Très ancien, le peson présenté ici mesure 28 cm de hauteur et avec un cadran de 12 cm sur 8 cm. Il est en fer et en laiton. Les indications de mesures de poids sont lisibles. L’étalonnage est indiqué jusqu’à 80 kg. Benoît Boyer, propriétaire du gîte Le Pavillon, l’a acquis vers 1985.
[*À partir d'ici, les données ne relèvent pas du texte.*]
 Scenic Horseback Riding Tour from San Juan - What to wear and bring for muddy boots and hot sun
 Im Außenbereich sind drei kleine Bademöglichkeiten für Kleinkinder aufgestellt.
Il appartenait au réputé Marcel Thiburce de Grand-Place (dit Marcellin), une personnalité haute en couleur qui travaillait à l’Équipement (cantonnier des Ponts et Chaussées). Marcellin était le beau-père d’Ivrin Pausé, le premier facteur de Mafate. Homme très connu, on lui reprochait parfois de prendre quelque liberté à l’égard de son travail… On trouve sa trace dans une note de la Sûreté auprès du préfet, le 30 juin 1967, ainsi qu’également lors du premier colloque de Mafate, où il accueillait à sa table les membres de la tournée préfectorale…

Et il est cité à plusieurs reprises par Jacques Lougnon, par exemple dans Le Journal de l’Ile de la Réunion – du 16 septembre 1972 :

« … Une autre trace de ce passé « mouvementé » est le classement du sentier actuel (22 km) dans la voirie départementale, c’est le C.D. N° 2 ! D’où la présence à Grand-Place d’un préposé des Ponts et Chaussées, le sympathique Marcellin Thiburce, responsable de la route thermale, depuis le Bronchard jusqu’en bas, alors que les autres chemins du cirque sont du ressort des forestiers… »

Arnold Jaccoud

A propos de l'auteur

Arnold Jaccoud | Reporter citoyen

« J’agis généralement dans le domaine de la psychologie sociale. Chercheur, intervenant de terrain, , formateur en matière de communication sociale, de ressources humaines et de processus collectifs, conférencier, j’ai toujours tenté de privilégier une approche systémique et transdisciplinaire du développement humain.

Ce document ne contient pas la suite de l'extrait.